The balance that Dravus House plays with feels like standing underneath the warm Spring sun and seeing a dark cloud come in to deprive you of the gentle warmth you have been waiting for all winter. The duo’s lyrics aren’t afraid to venture to past heartbreaks, unearthing traumas and your own darkness. Loper sings into the microphone as if trying to sooth it out of any troubles it may have seen. The dark cloud is both in front of the sun and nonexistent at the same time.
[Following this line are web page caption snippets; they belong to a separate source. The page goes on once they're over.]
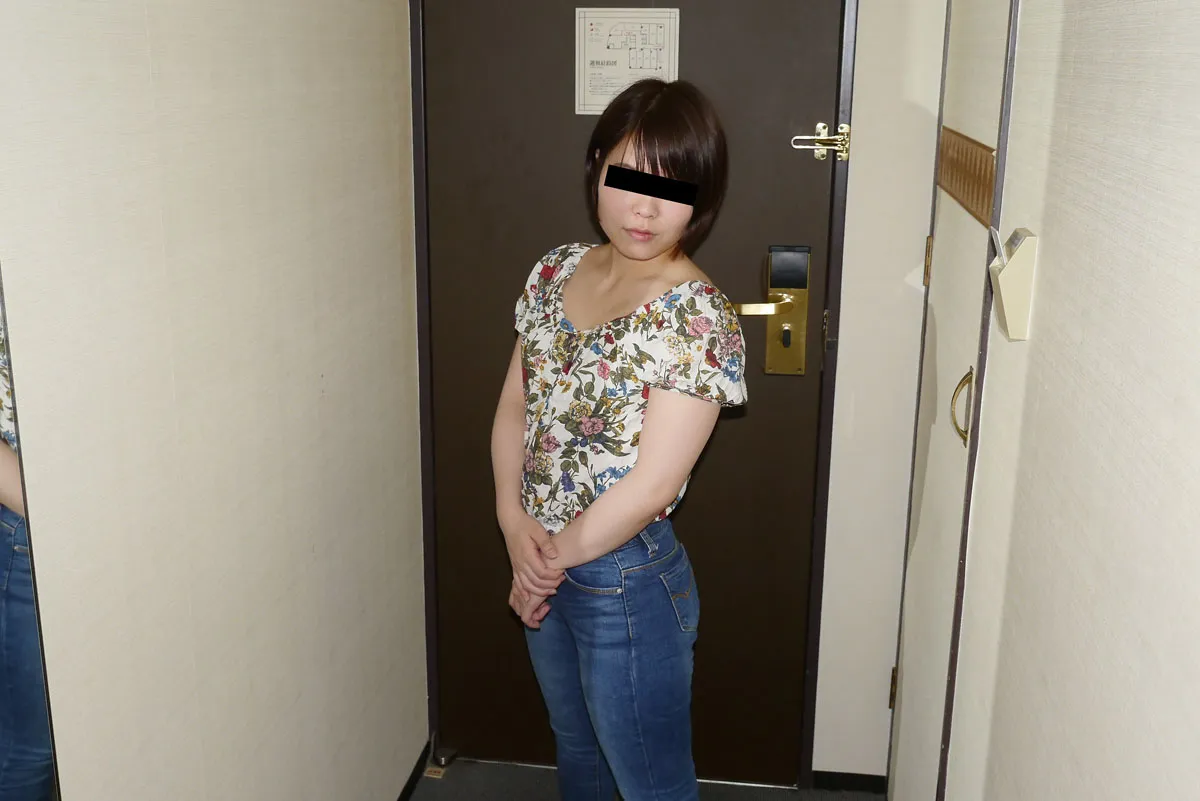 緊張気味の素人娘を優しく調教しちゃいます-2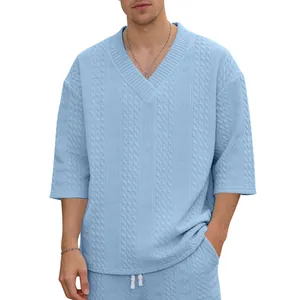 Nahaufnahme des hellblauen Strick-T-Shirts mit V-Ausschnitt und lockerer Passform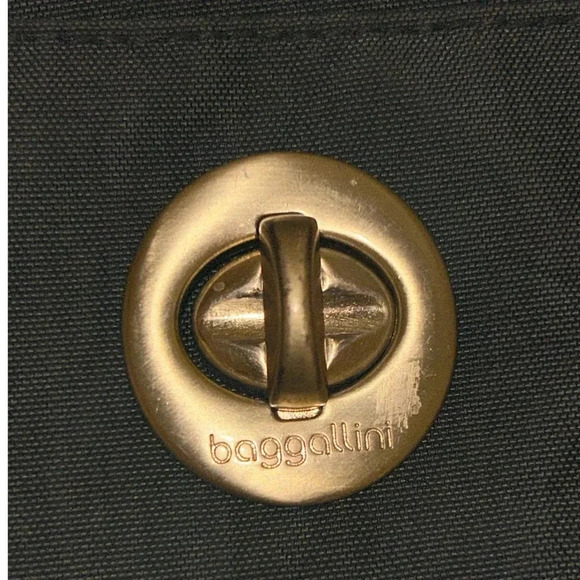 Baggallini Hanover Gray Crossbody Lightweight Bag Purse Medium Gold Hardware - Picture 4 of 8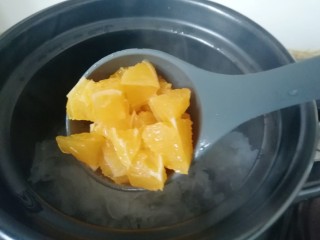 百变水果 苹果香橙银耳羹,下入砂锅内，根据自己的口味加入冰糖，中小火煮10分钟关火。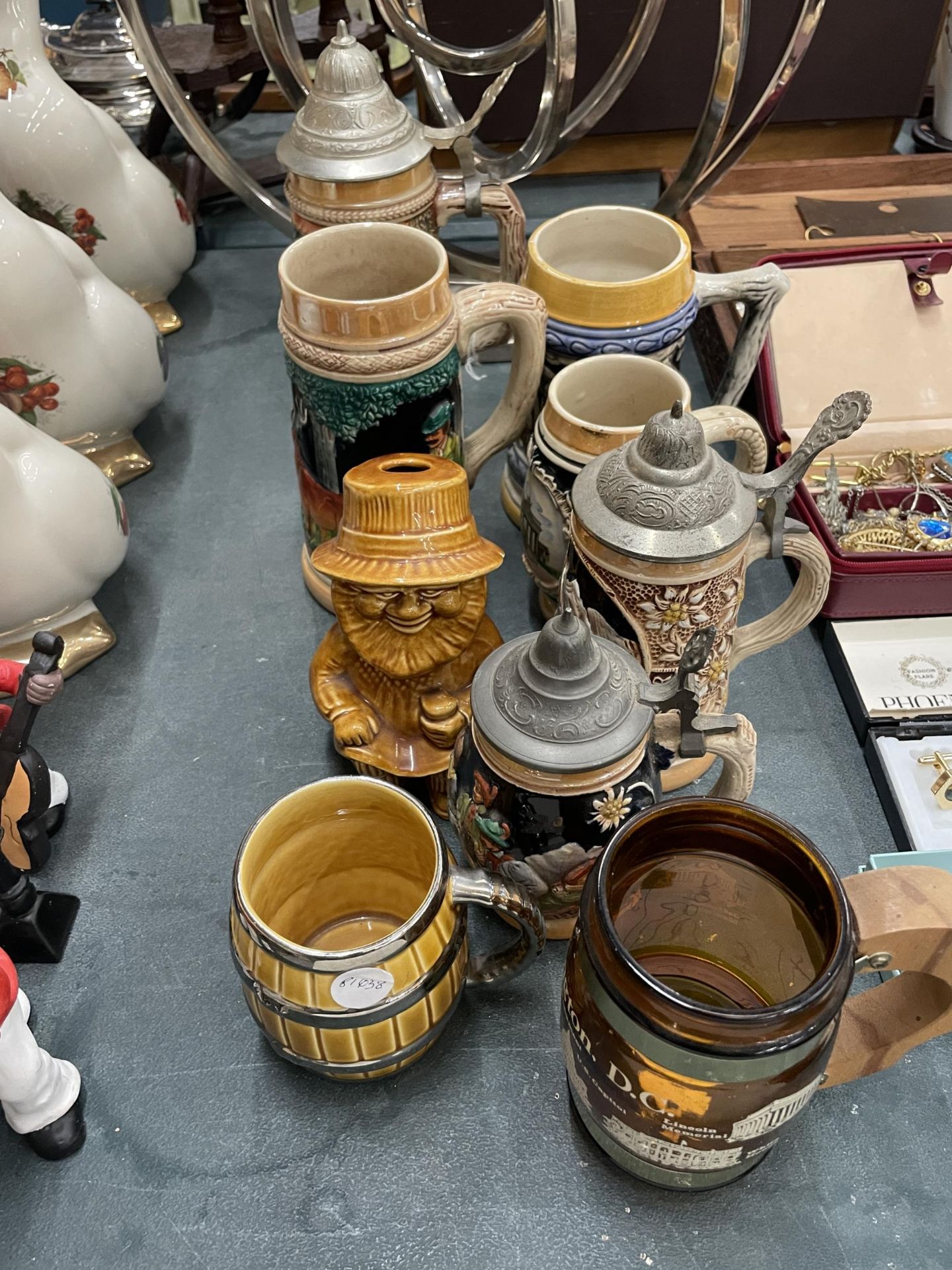 A COLLECTION OF VINTAGE STEIN TANKARDS, ETC - 9 IN TOTAL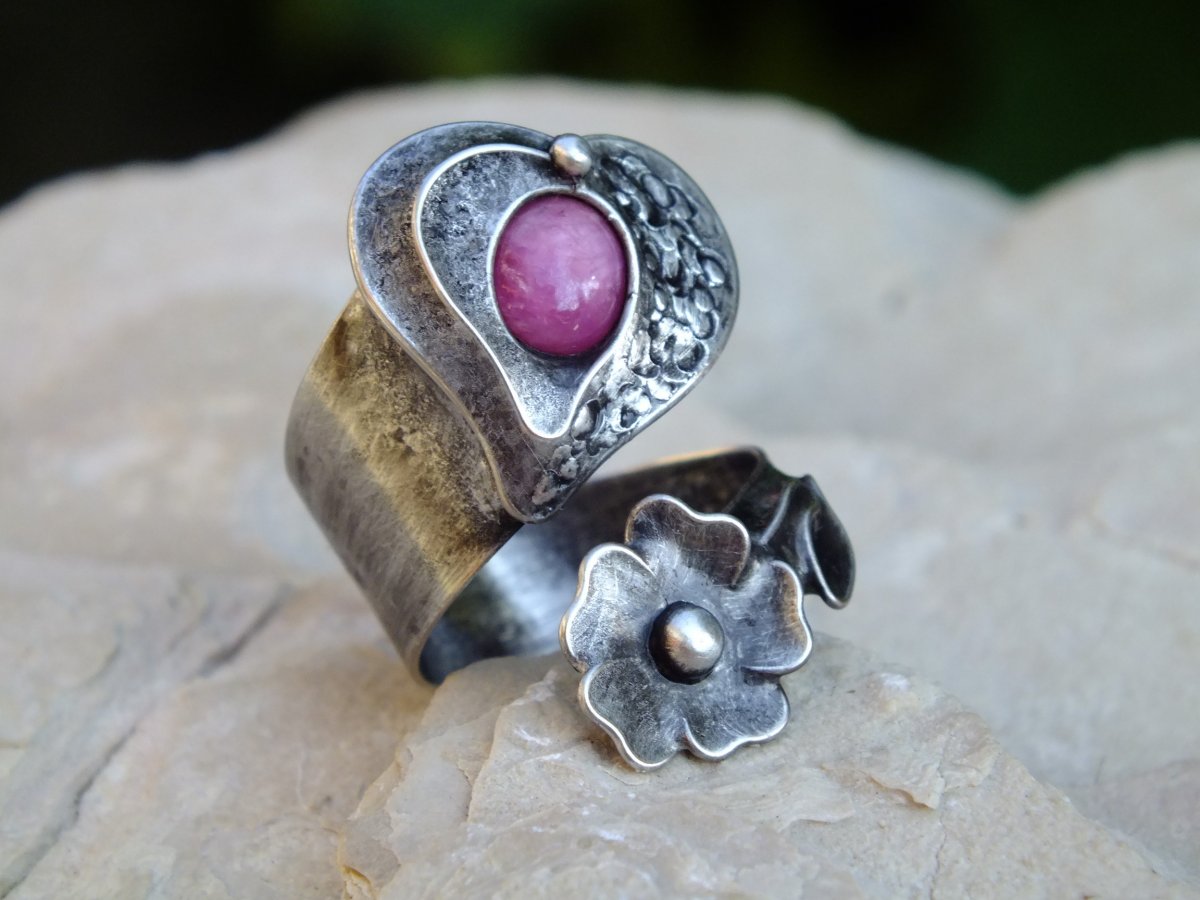 I love you... - cínovaný prsten s rubínem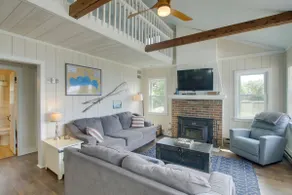 Cozy Fremont Cottage on Lake Poygan + Fishing Dock - Image 4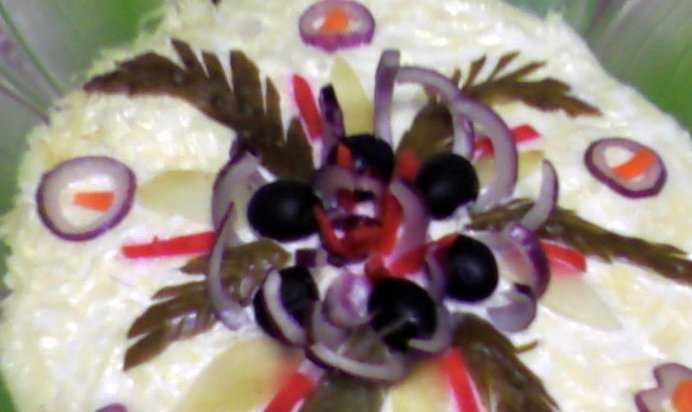 Салат со шпротами Люция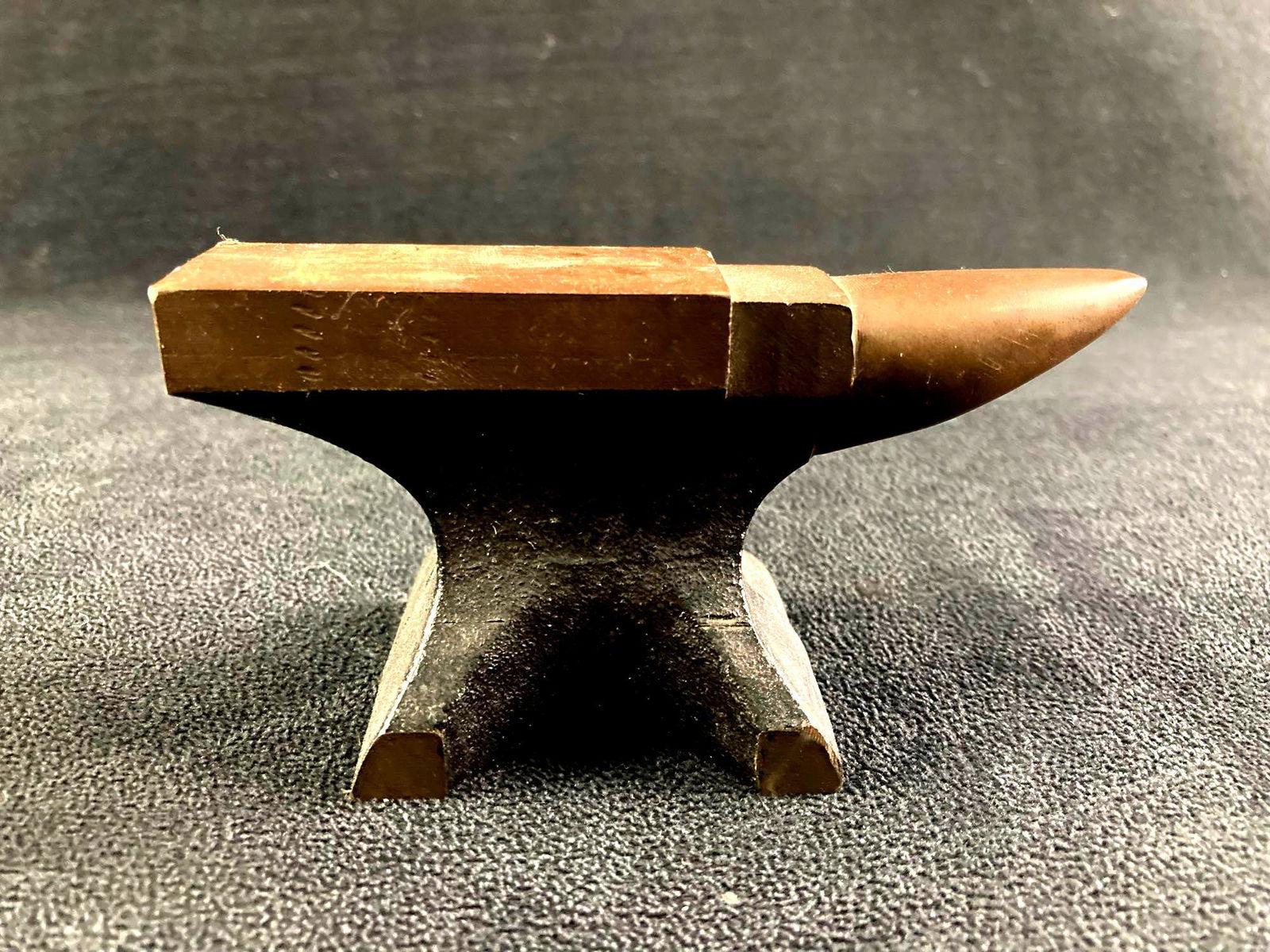 Small Iron Anvil (1 of 4)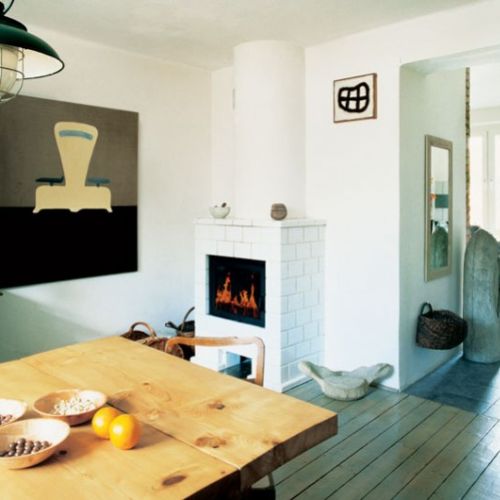 Bettina nade wszystko ceni prostotę. Dlatego ściany pomalowali najtańszą farbą, żeby ich biel nie raziła,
In between songs, Loper shared how music helps her say things that she doesn’t want to talk about. She also voiced her hopes for the betterment of ourselves, for the world, and for people to discover a more empathic way of life so that we can feel more connected to each other.

Each song fed into the next, littering the room in images of shooting stars, spoonfuls of galaxies, forest floors, dancing trees, and changing leaves, while maintaining underlying narratives of growth through pain, transformations, and loss.

I can hear Loper’s words rattle around in between my ears even now: “I can’t fix your broken.”